According to the Victoria History of Worcestershire, a great stone barn once stood between the Manor and the Church and this fell into disrepair in the 19th century. The lower parts of the walls dividing the Manor front and rear gardens and between the rear garden and the churchyard seem to be the only remains of this barn still standing. The large Ashlar masonry blocks forming the corner between these two sides are similar to those used in the construction of the Church tower in the 17th century.

The barn was still in use in 1873, as a vivid description of an entertainment held in the Tithe Barn in January of that year was reported in The Worcester Journal.  This report refers to the 'cold stone walls' and 'the not-over-ornamental roof'.  In 1901, a bazaar and garden fete was held at the Manor, to raise funds for the on-going church repairs. In reports of this event, tableaux were reported as being performed 'in the Barn'.  An Ordnance Survey map published in 1903 not longer shows the barn, which must have been dismantled around this time.

The photographs below, taken in 2012, shows the wall on the south side of the churchyard which was once  part of the barn. Based on the shape of the barn as it appears on the 1883 Ordnance Survey map (below) and the length of the remaining barn wall on the edge of the churchyard, some dimensions of the building can be estimated.  The full length of the main structure would have been about 85ft and the width about 32ft.  At one end was an extension where an entrance may have been and this was about 20ft x 20ft.  We would be grateful for further information about this barn.



The barn may be the building marked with a red arrow on this 1883 OS map.  It probably also appears on the 1843 tithe map, but this map is not easy to interpret.


tithe5This painting of the church is by George Harvey, an Anglo-American artist who lived 1800-1878 and moved back and forth between the two countries. The picture was on the Skinner auction house website in 2009.

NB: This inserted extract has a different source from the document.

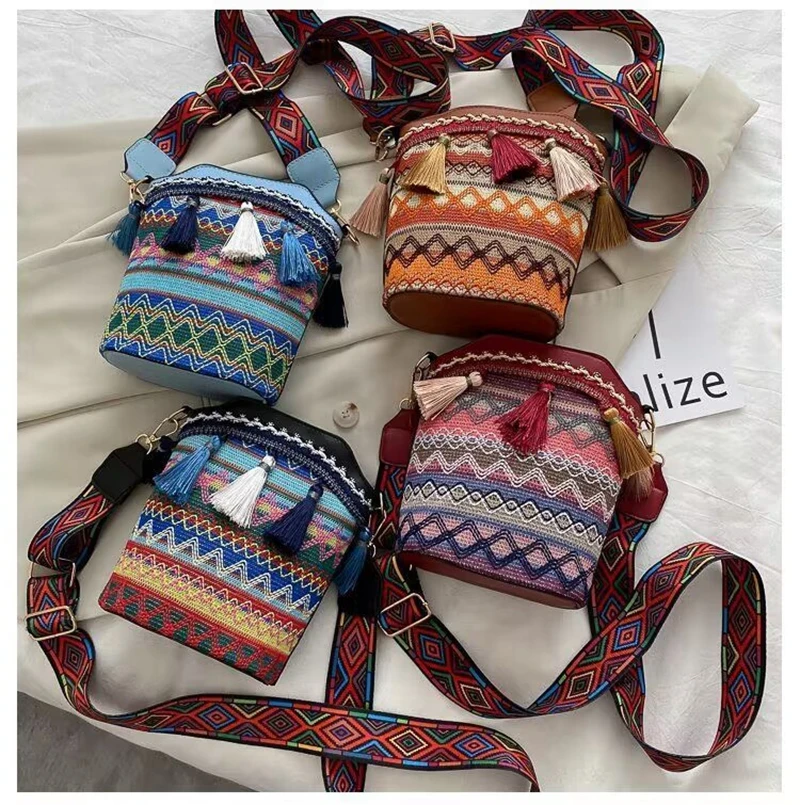 

Vintage Women's Woven Tassel Bag Personalized Sling Bucket Bag Ethnic Shoulder Crossbody Bag Girls Purse Phone Wallet Pouch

Of special interest is the large building in the background. This appears to be the great stone barn. But artistic licence has moved it - it would not have been in the position shown from the direction of the Church as painted.

On the back of the picture is a reference to Penelope Washington's grave. The work is entitled 'The Parish Church of St John the Baptist, Wickhamford, Worcestershire, England', but is undated. George Harvey returned from the States to live in England in 1873 and died in 1878. It is likely that the picture dates from this time.